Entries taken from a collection
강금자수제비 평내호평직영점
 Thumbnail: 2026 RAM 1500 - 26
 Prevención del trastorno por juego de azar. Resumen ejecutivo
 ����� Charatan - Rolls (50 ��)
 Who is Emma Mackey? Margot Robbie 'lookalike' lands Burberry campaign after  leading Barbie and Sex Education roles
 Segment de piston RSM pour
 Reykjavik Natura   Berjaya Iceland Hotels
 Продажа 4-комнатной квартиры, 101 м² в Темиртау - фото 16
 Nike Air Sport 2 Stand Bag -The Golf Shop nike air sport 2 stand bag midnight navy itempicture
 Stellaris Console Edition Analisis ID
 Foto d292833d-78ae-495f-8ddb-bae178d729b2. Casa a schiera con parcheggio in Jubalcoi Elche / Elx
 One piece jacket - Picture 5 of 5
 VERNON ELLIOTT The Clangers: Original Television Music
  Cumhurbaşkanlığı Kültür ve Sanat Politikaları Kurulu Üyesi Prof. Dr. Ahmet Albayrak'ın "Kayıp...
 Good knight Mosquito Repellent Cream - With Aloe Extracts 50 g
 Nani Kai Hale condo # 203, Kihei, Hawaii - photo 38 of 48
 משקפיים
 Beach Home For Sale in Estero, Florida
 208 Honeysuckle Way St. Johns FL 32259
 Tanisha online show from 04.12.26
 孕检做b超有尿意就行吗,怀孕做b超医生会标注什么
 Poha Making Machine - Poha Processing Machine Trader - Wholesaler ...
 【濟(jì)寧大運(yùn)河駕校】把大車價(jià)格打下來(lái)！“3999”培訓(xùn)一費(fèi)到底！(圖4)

Work item
Restate word for word the lines of the data above, starting at the line containing "Foto d292833d-78ae-495f-8ddb-bae178d729b2. Casa" and ending at the line containing "Cumhurbaşkanlığı Kültür ve", both included, and nothing more.

Reply
 Foto d292833d-78ae-495f-8ddb-bae178d729b2. Casa a schiera con parcheggio in Jubalcoi Elche / Elx
 One piece jacket - Picture 5 of 5
 VERNON ELLIOTT The Clangers: Original Television Music
  Cumhurbaşkanlığı Kültür ve Sanat Politikaları Kurulu Üyesi Prof. Dr. Ahmet Albayrak'ın "Kayıp...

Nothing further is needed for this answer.